But he wouldn’t be given a gun, he thought, raging. He would be taken out and tied to a tree. He wondered how long Espato would be in getting around to his “entertainment.”

CHAPTER XXVII
A Gleam of Hope

The bandits had spent the greater part of the night in wild revelry, and it was late the next morning before there was any noticeable stir of life about the camp.

Toward noon however there was an activity which indicated that there was something important on foot. Phil could hear the tread of many feet coming and going, and it was evident that most of the band had remained in camp for some purpose instead of going out on some foray. There was laughter and jesting and a general air of festivity prevalent, and Phil wondered what was in prospect.

It was not long before he found out. His door was flung open by a surly Mexican, who told him that he was to come with him into the presence of Espato.

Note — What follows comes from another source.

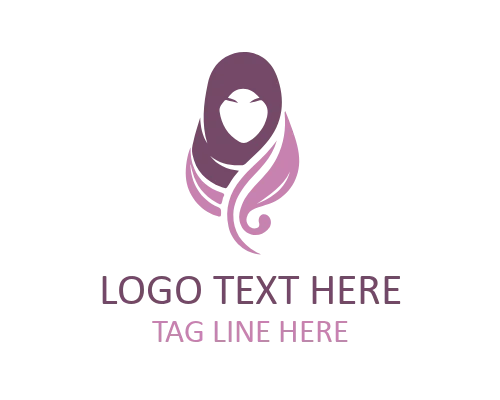 Chic Veiled Hijab Woman Mark Logo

“Is this the end, I wonder,” Phil said to himself as he followed the man out into the open air. He had steeled himself to the thought of death, which he knew might come to him at any moment. Was this the moment?

What he saw after his dazzled eyes had become accustomed to the brilliant sunlight was not calculated to reassure him.

Espato was seated on a rough box in the center of the clearing. About him in a semicircle, some standing, others squatting on the ground, were his followers, all with an air of expectancy on their faces.

A group of four prisoners who had been brought in on the recent raid had been brought out and ranged before the bandit chief. Their hands were tied behind their backs but the bonds had been removed from their feet.

Two hundred feet from where Espato was sitting, the plateau terminated abruptly at the edge of a precipice. This ran down a sheer seven hundred feet with jagged rocks at its foot.